3. Institutional barriers
The SC noted several times the importance of institutional barriers. These barriers range from data access (in other words, access to information must become much easier than it is at present), to privacy concerns about data sharing and ownership across organizations and investigators, to jurisdictional issues. The barriers currently hamper efforts to integrate biomonitoring, ecological monitoring, and modelling efforts, including geospatial modelling, aimed at better characterizing exposure and effects. In addition, the SC commented on financial and professional considerations for access to data curated by others. The lack of available institutional data to the general public can be highly problematic in creating and communicating information within a population health framework; knowledge is lacking on which data gaps exist when access to the data is limited. Again, the creation of partnerships would minimize the problem of institutional barriers, which would take time, goodwill, and significant effort.
Charge Question 2b
What other data and tools would be required to move this approach forward?
The SC discussed at length the type of data and tools that could advance a public health approach. Some of the responses to Charge Question 2b also address Charge Question 3b about a suitable case study/studies. Several possibilities exist in response to Charge Question 2b:
- One focus should be on more highly exposed populations. An example here would be Indigenous Peoples exposed to country/traditional foods that could contain elevated levels of certain contaminants (notable studies exist, such as the First Nations Food, Nutrition and Environment Study as well as various population studies funded via the Northern Contaminants Program). Other examples are populations exposed occupationally to various classes of chemicals such as industrial chemicals, pharmaceuticals, or pesticides. Military personnel were discussed as another example, given the records that are kept that could allow for reconstructing potential exposures that may have occurred. These groups could be broadly considered to be "vulnerable populations" in Canada due to an increased exposure to specific chemicals. A shortcoming of many occupational studies is that they are retrospective and do not or have not collected biological samples. However, this shortcoming could be addressed by immediately expanding ongoing epidemiological studies and large prospective cohorts to include such sampling and baseline evaluations. Again, numerous institutional barriers may exist here, which would take some time to work through.
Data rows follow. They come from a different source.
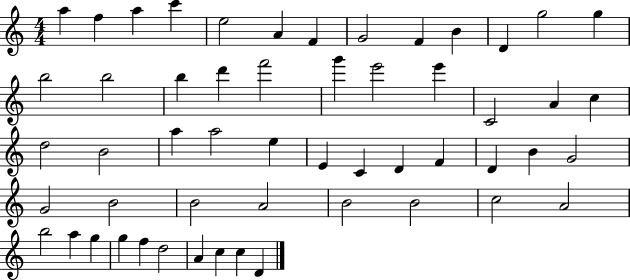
A5/q F5/q A5/q C6/q E5/h A4/q F4/q G4/h F4/q B4/q D4/q G5/h G5/q B5/h B5/h B5/q D6/q F6/h G6/q E6/h E6/q C4/h A4/q C5/q D5/h B4/h A5/q A5/h E5/q E4/q C4/q D4/q F4/q D4/q B4/q G4/h G4/h B4/h B4/h A4/h B4/h B4/h C5/h A4/h B5/h A5/q G5/q G5/q F5/q D5/h A4/q C5/q C5/q D4/q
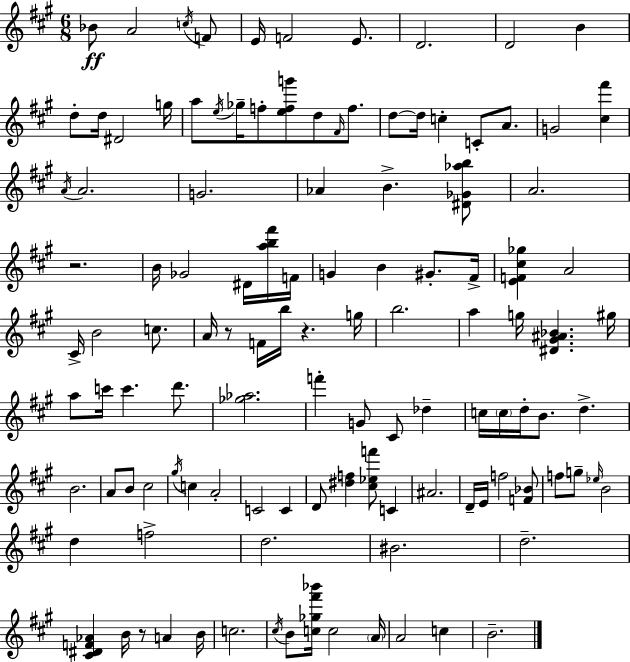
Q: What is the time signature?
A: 6/8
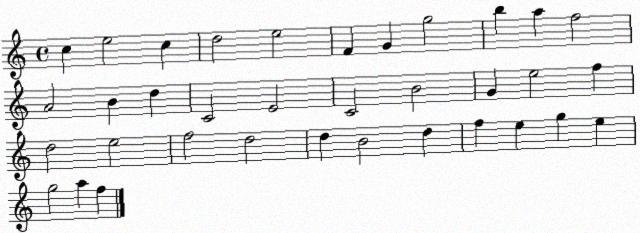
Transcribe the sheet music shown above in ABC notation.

X:1
T:Untitled
M:4/4
L:1/4
K:C
c e2 c d2 e2 F G g2 b a f2 A2 B d C2 E2 C2 B2 G e2 f d2 e2 f2 d2 d B2 d f e g e g2 a f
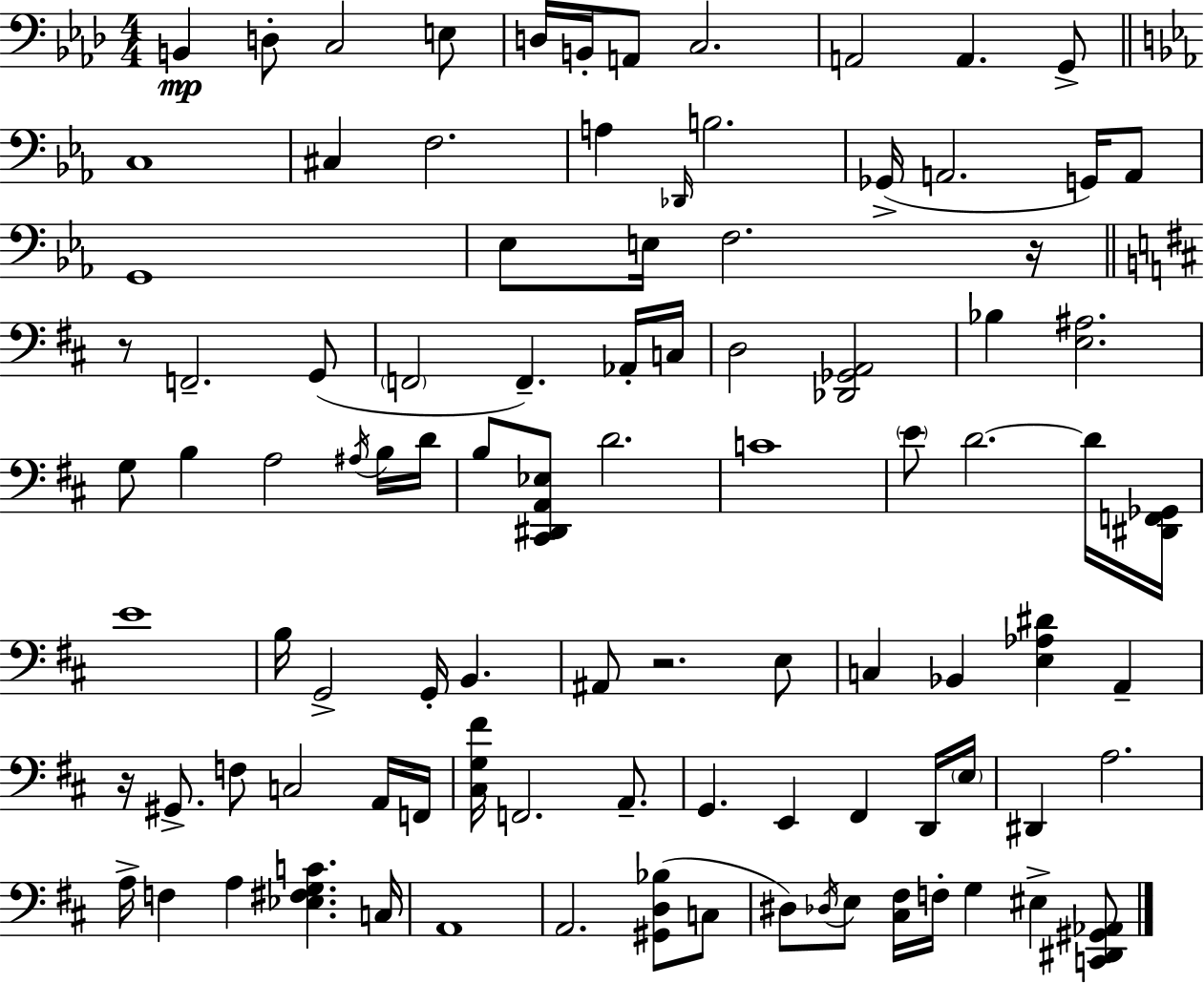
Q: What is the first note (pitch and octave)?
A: B2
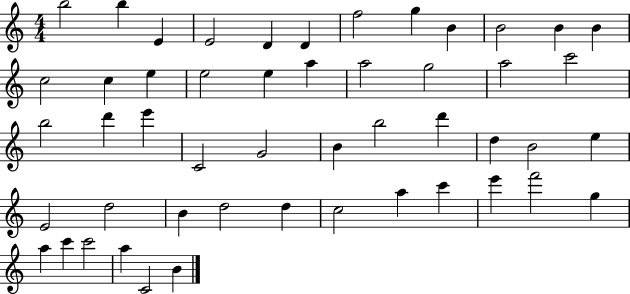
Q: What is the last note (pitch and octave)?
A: B4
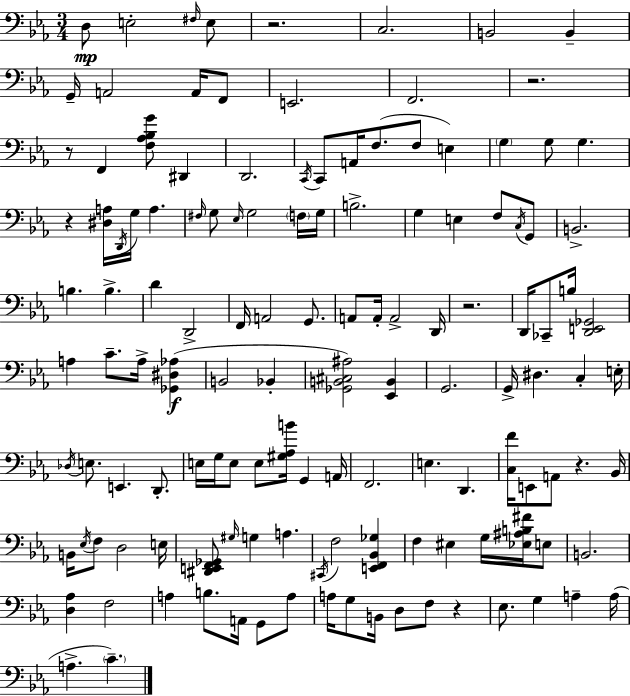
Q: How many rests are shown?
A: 7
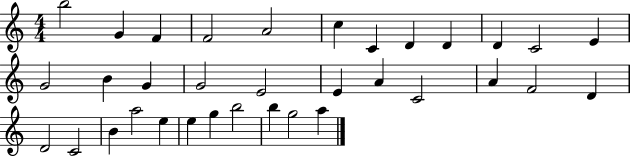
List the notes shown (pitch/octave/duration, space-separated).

B5/h G4/q F4/q F4/h A4/h C5/q C4/q D4/q D4/q D4/q C4/h E4/q G4/h B4/q G4/q G4/h E4/h E4/q A4/q C4/h A4/q F4/h D4/q D4/h C4/h B4/q A5/h E5/q E5/q G5/q B5/h B5/q G5/h A5/q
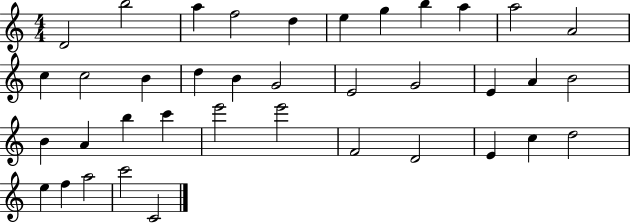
D4/h B5/h A5/q F5/h D5/q E5/q G5/q B5/q A5/q A5/h A4/h C5/q C5/h B4/q D5/q B4/q G4/h E4/h G4/h E4/q A4/q B4/h B4/q A4/q B5/q C6/q E6/h E6/h F4/h D4/h E4/q C5/q D5/h E5/q F5/q A5/h C6/h C4/h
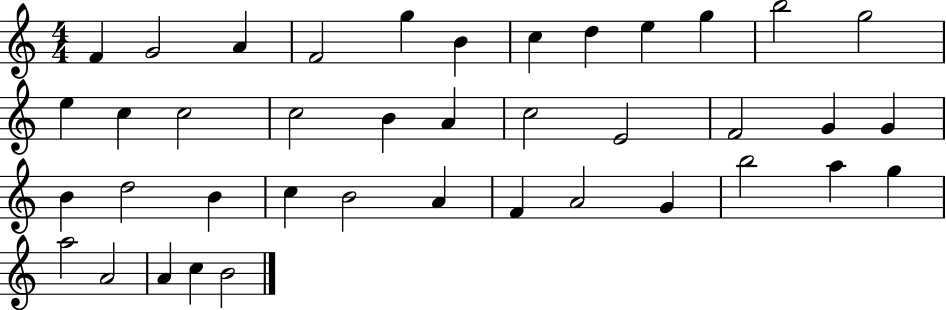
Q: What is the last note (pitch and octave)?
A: B4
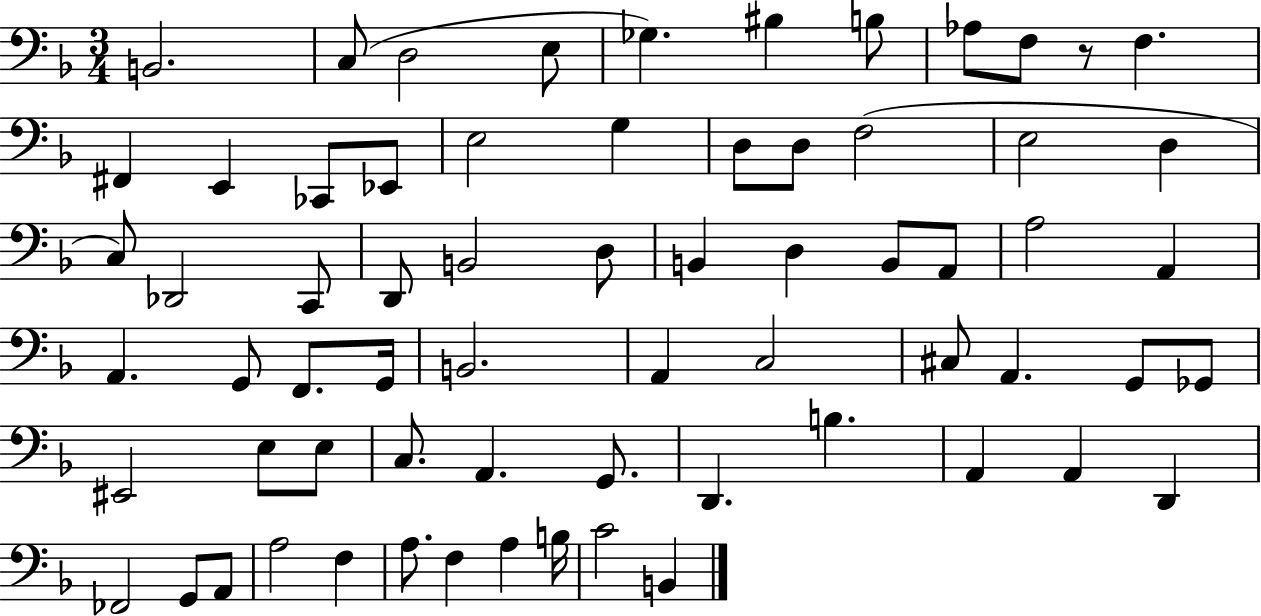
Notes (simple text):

B2/h. C3/e D3/h E3/e Gb3/q. BIS3/q B3/e Ab3/e F3/e R/e F3/q. F#2/q E2/q CES2/e Eb2/e E3/h G3/q D3/e D3/e F3/h E3/h D3/q C3/e Db2/h C2/e D2/e B2/h D3/e B2/q D3/q B2/e A2/e A3/h A2/q A2/q. G2/e F2/e. G2/s B2/h. A2/q C3/h C#3/e A2/q. G2/e Gb2/e EIS2/h E3/e E3/e C3/e. A2/q. G2/e. D2/q. B3/q. A2/q A2/q D2/q FES2/h G2/e A2/e A3/h F3/q A3/e. F3/q A3/q B3/s C4/h B2/q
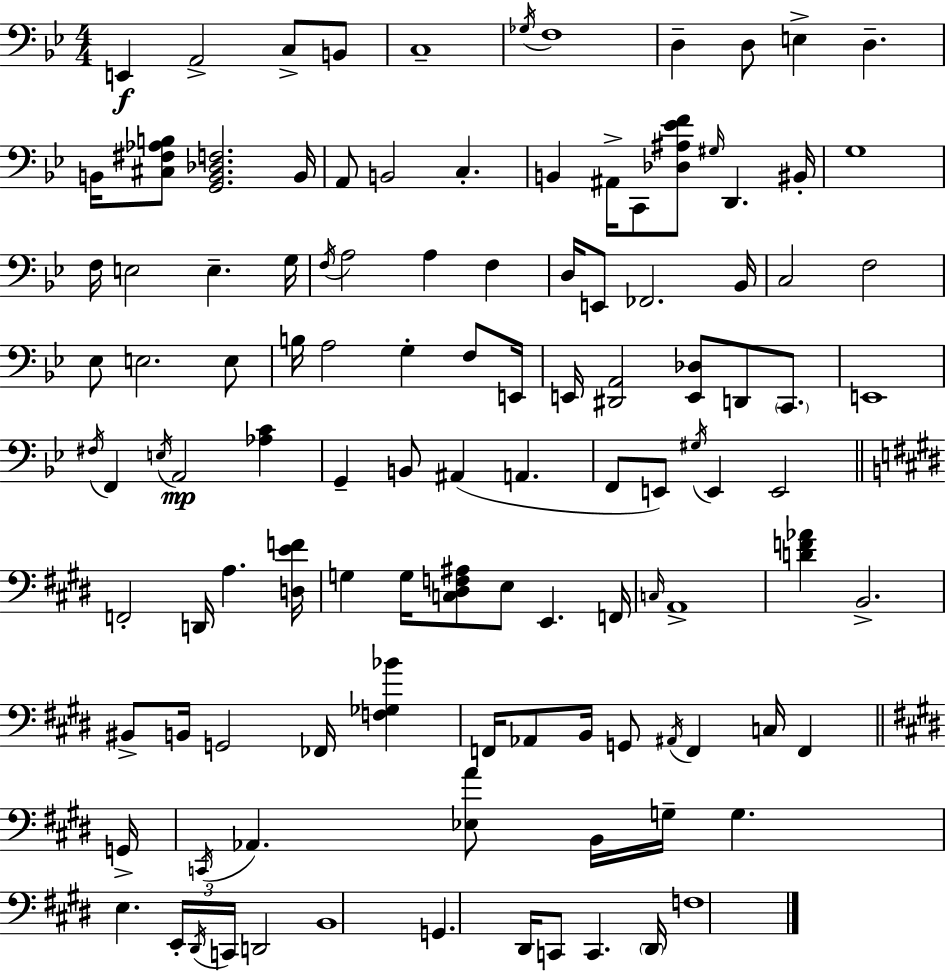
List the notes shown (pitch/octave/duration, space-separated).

E2/q A2/h C3/e B2/e C3/w Gb3/s F3/w D3/q D3/e E3/q D3/q. B2/s [C#3,F#3,Ab3,B3]/e [G2,B2,Db3,F3]/h. B2/s A2/e B2/h C3/q. B2/q A#2/s C2/e [Db3,A#3,Eb4,F4]/e G#3/s D2/q. BIS2/s G3/w F3/s E3/h E3/q. G3/s F3/s A3/h A3/q F3/q D3/s E2/e FES2/h. Bb2/s C3/h F3/h Eb3/e E3/h. E3/e B3/s A3/h G3/q F3/e E2/s E2/s [D#2,A2]/h [E2,Db3]/e D2/e C2/e. E2/w F#3/s F2/q E3/s A2/h [Ab3,C4]/q G2/q B2/e A#2/q A2/q. F2/e E2/e G#3/s E2/q E2/h F2/h D2/s A3/q. [D3,E4,F4]/s G3/q G3/s [C3,D#3,F3,A#3]/e E3/e E2/q. F2/s C3/s A2/w [D4,F4,Ab4]/q B2/h. BIS2/e B2/s G2/h FES2/s [F3,Gb3,Bb4]/q F2/s Ab2/e B2/s G2/e A#2/s F2/q C3/s F2/q G2/s C2/s Ab2/q. [Eb3,A4]/e B2/s G3/s G3/q. E3/q. E2/s D#2/s C2/s D2/h B2/w G2/q. D#2/s C2/e C2/q. D#2/s F3/w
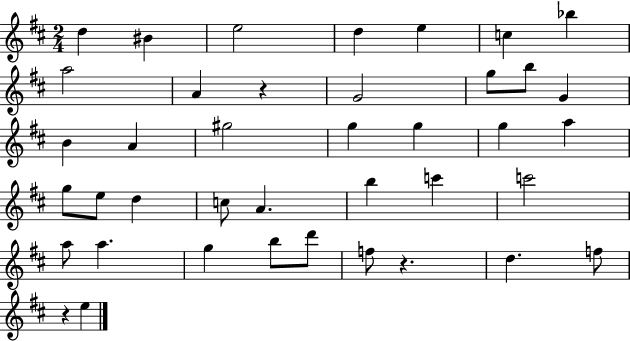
X:1
T:Untitled
M:2/4
L:1/4
K:D
d ^B e2 d e c _b a2 A z G2 g/2 b/2 G B A ^g2 g g g a g/2 e/2 d c/2 A b c' c'2 a/2 a g b/2 d'/2 f/2 z d f/2 z e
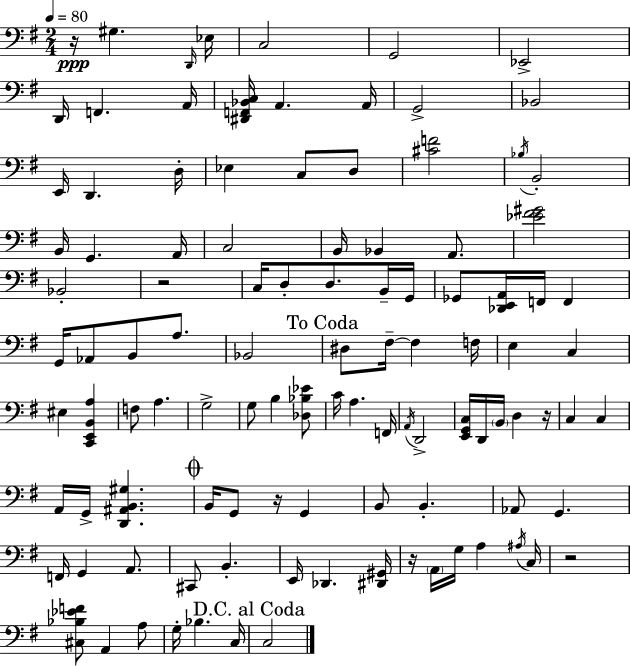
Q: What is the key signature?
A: G major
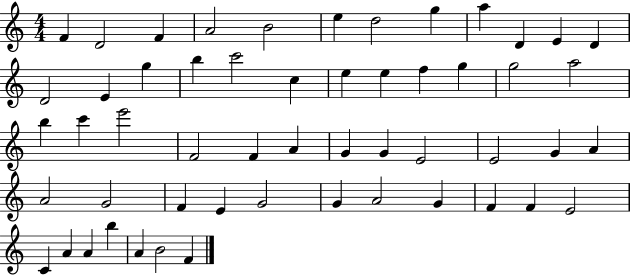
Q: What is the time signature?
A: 4/4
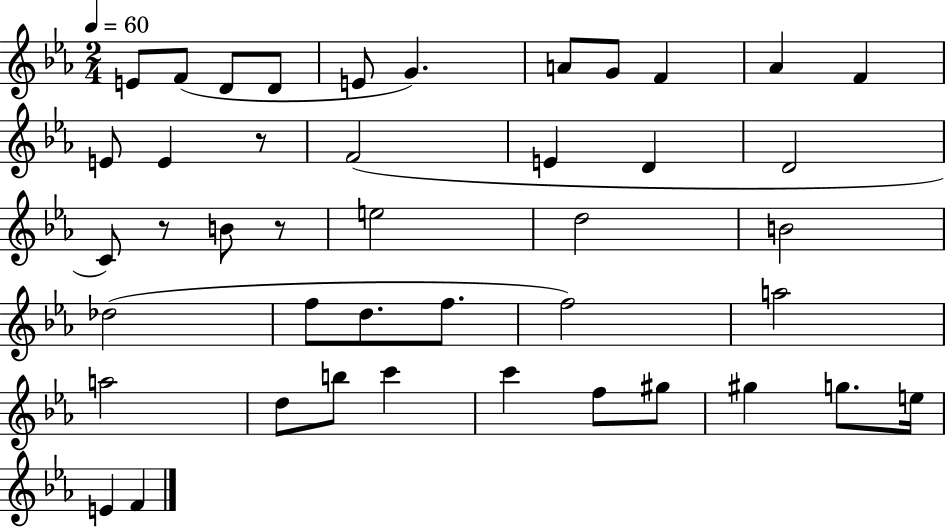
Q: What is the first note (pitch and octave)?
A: E4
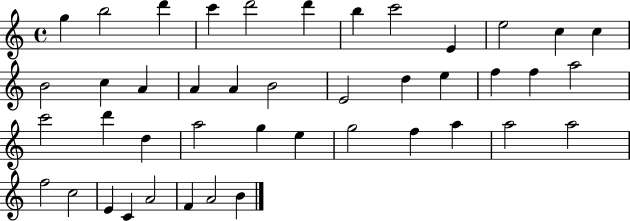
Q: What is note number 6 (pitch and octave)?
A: D6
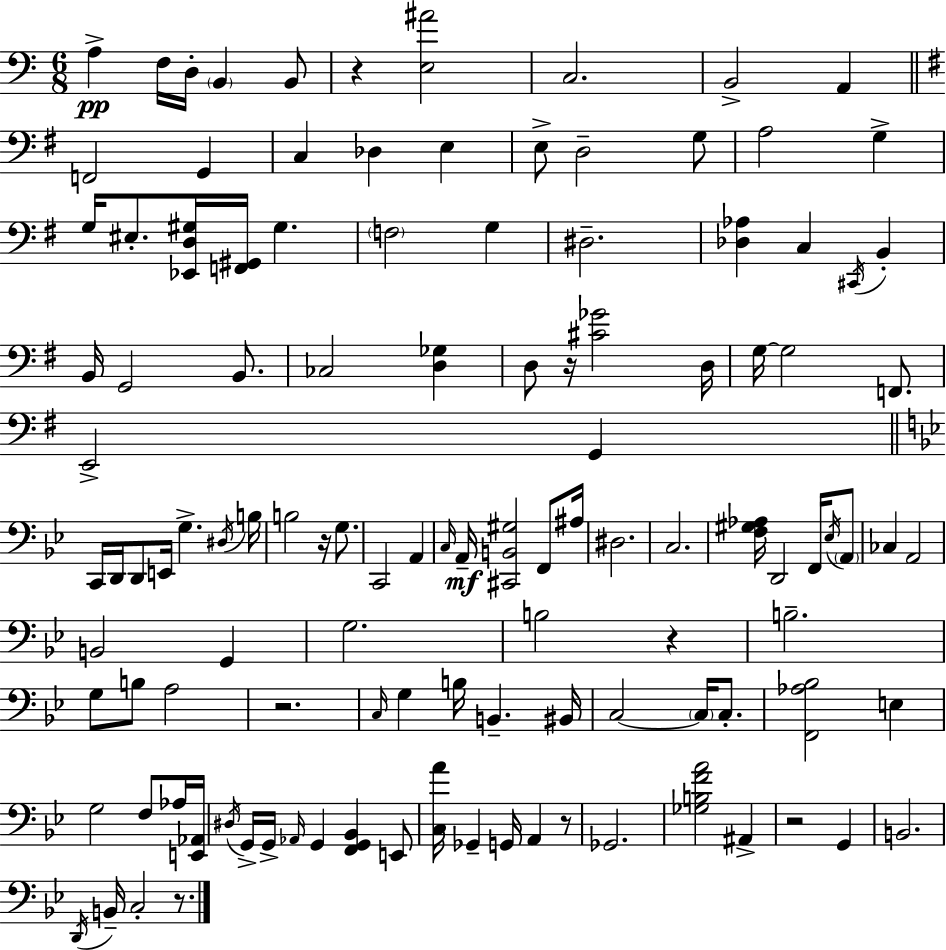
A3/q F3/s D3/s B2/q B2/e R/q [E3,A#4]/h C3/h. B2/h A2/q F2/h G2/q C3/q Db3/q E3/q E3/e D3/h G3/e A3/h G3/q G3/s EIS3/e. [Eb2,D3,G#3]/s [F2,G#2]/s G#3/q. F3/h G3/q D#3/h. [Db3,Ab3]/q C3/q C#2/s B2/q B2/s G2/h B2/e. CES3/h [D3,Gb3]/q D3/e R/s [C#4,Gb4]/h D3/s G3/s G3/h F2/e. E2/h G2/q C2/s D2/s D2/e E2/s G3/q. D#3/s B3/s B3/h R/s G3/e. C2/h A2/q C3/s A2/s [C#2,B2,G#3]/h F2/e A#3/s D#3/h. C3/h. [F3,G#3,Ab3]/s D2/h F2/s Eb3/s A2/e CES3/q A2/h B2/h G2/q G3/h. B3/h R/q B3/h. G3/e B3/e A3/h R/h. C3/s G3/q B3/s B2/q. BIS2/s C3/h C3/s C3/e. [F2,Ab3,Bb3]/h E3/q G3/h F3/e Ab3/s [E2,Ab2]/s D#3/s G2/s G2/s Ab2/s G2/q [F2,G2,Bb2]/q E2/e [C3,A4]/s Gb2/q G2/s A2/q R/e Gb2/h. [Gb3,B3,F4,A4]/h A#2/q R/h G2/q B2/h. D2/s B2/s C3/h R/e.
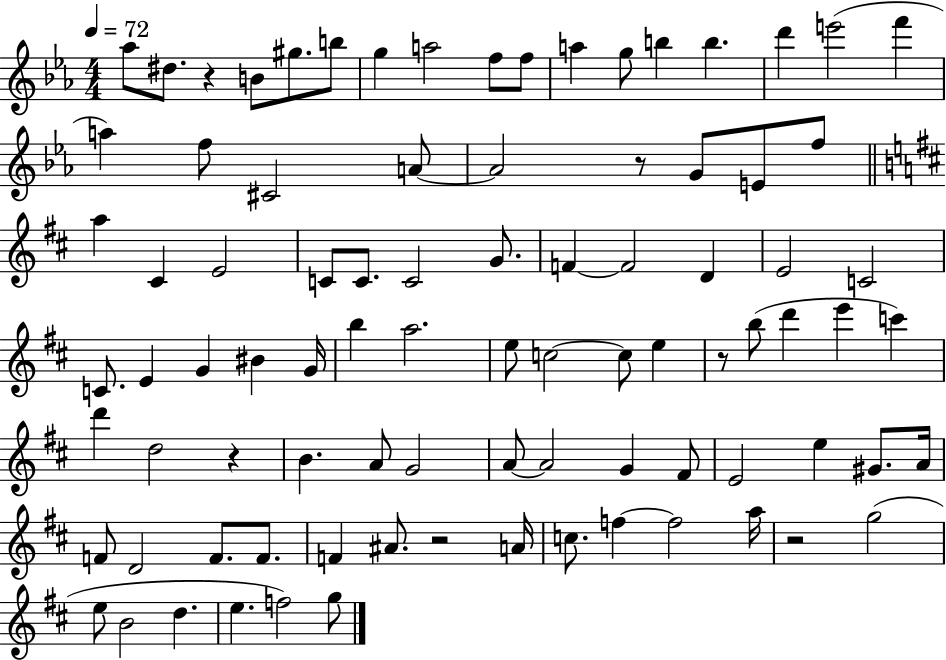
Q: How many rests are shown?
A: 6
- The SC heard about existing cohorts, notably the CPTP, which itself is an assemblage of several provincial cohort studies (Dummer et al., 2018; see Appendix). There is much to be said for engaging with existing cohorts to realize a pan-Canada public health approach: it is achievable because it builds on current programs and activities and yet allows elements of a more generic framework to be identified and honed. However, the SC recognizes that this suggestion would require significant analysis and investment plus the recruitment of relevant subpopulations with appropriate exposure profiles.
- Canada has several bio-banks for ecosystem populations [for example, the National Wildlife Research Centre (NWRC) Specimen Bank, (NWRC Specimen Bank, ECCC, 2010)] that might be open to expanding chemical analyses. These could be useful sources of data due to the longevity of these programs, their spatial coverage, and the opportunity to realize a "One Health" approach using such data.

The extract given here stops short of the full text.